BEGIN Task data
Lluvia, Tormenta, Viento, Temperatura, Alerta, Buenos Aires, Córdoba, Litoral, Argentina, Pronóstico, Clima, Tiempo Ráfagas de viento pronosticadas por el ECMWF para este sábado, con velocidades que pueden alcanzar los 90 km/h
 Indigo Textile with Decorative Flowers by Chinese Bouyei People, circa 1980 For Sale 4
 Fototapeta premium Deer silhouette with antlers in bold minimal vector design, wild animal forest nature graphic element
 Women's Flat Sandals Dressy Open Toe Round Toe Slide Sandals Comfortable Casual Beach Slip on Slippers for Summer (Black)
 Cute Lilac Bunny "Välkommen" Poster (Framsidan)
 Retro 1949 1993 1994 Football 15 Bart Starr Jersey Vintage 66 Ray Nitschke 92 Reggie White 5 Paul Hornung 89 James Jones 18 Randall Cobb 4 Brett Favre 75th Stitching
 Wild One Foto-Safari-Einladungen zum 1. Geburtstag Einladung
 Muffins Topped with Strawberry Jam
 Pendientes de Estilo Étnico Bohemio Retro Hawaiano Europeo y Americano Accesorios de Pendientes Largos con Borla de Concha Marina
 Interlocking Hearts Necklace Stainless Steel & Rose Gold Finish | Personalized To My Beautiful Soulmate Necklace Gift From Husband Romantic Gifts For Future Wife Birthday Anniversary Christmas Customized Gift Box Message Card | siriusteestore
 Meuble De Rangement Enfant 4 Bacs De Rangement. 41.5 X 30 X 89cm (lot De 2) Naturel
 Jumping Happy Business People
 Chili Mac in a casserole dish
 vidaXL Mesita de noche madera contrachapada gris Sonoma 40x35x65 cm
END Task data
### Problem description
Output the entries verbatim.

### Result for this task
Lluvia, Tormenta, Viento, Temperatura, Alerta, Buenos Aires, Córdoba, Litoral, Argentina, Pronóstico, Clima, Tiempo Ráfagas de viento pronosticadas por el ECMWF para este sábado, con velocidades que pueden alcanzar los 90 km/h
 Indigo Textile with Decorative Flowers by Chinese Bouyei People, circa 1980 For Sale 4
 Fototapeta premium Deer silhouette with antlers in bold minimal vector design, wild animal forest nature graphic element
 Women's Flat Sandals Dressy Open Toe Round Toe Slide Sandals Comfortable Casual Beach Slip on Slippers for Summer (Black)
 Cute Lilac Bunny "Välkommen" Poster (Framsidan)
 Retro 1949 1993 1994 Football 15 Bart Starr Jersey Vintage 66 Ray Nitschke 92 Reggie White 5 Paul Hornung 89 James Jones 18 Randall Cobb 4 Brett Favre 75th Stitching
 Wild One Foto-Safari-Einladungen zum 1. Geburtstag Einladung
 Muffins Topped with Strawberry Jam
 Pendientes de Estilo Étnico Bohemio Retro Hawaiano Europeo y Americano Accesorios de Pendientes Largos con Borla de Concha Marina
 Interlocking Hearts Necklace Stainless Steel & Rose Gold Finish | Personalized To My Beautiful Soulmate Necklace Gift From Husband Romantic Gifts For Future Wife Birthday Anniversary Christmas Customized Gift Box Message Card | siriusteestore
 Meuble De Rangement Enfant 4 Bacs De Rangement. 41.5 X 30 X 89cm (lot De 2) Naturel
 Jumping Happy Business People
 Chili Mac in a casserole dish
 vidaXL Mesita de noche madera contrachapada gris Sonoma 40x35x65 cm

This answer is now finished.